→ **Task statement**
The answer must consist only of the lines in the records below from the line with "اضغط على الصورة لعرض أكبر." to the line with "Oscar Elinam Ahiawodzi", both included, copied word for word with every picture left out.

── Input ──

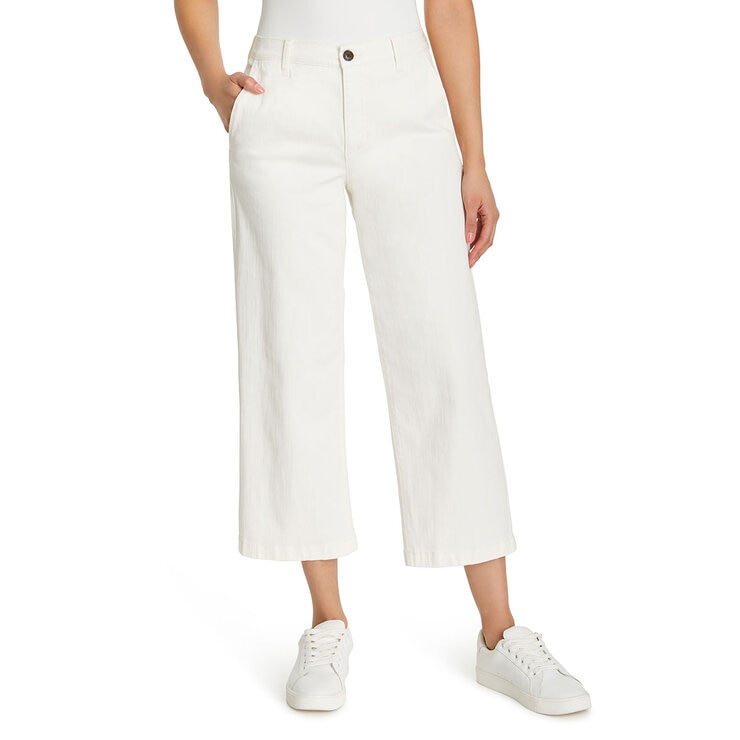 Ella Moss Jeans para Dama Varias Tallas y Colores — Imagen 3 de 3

───
── Input ──

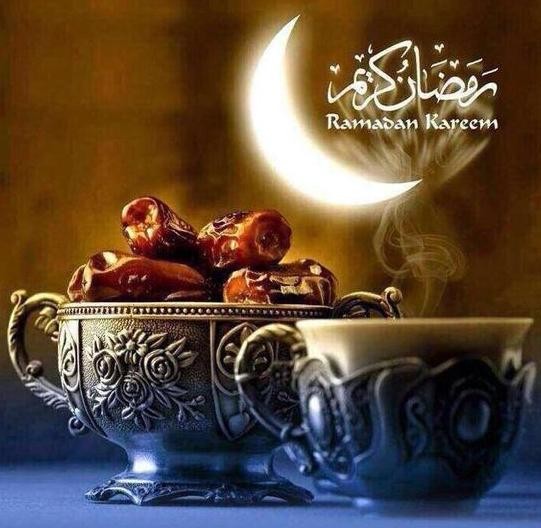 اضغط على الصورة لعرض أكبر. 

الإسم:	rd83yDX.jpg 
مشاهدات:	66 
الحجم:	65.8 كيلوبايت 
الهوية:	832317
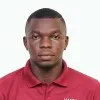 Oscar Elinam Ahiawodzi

───

→ **Exercise response**
 اضغط على الصورة لعرض أكبر. 

الإسم:	rd83yDX.jpg 
مشاهدات:	66 
الحجم:	65.8 كيلوبايت 
الهوية:	832317
 Oscar Elinam Ahiawodzi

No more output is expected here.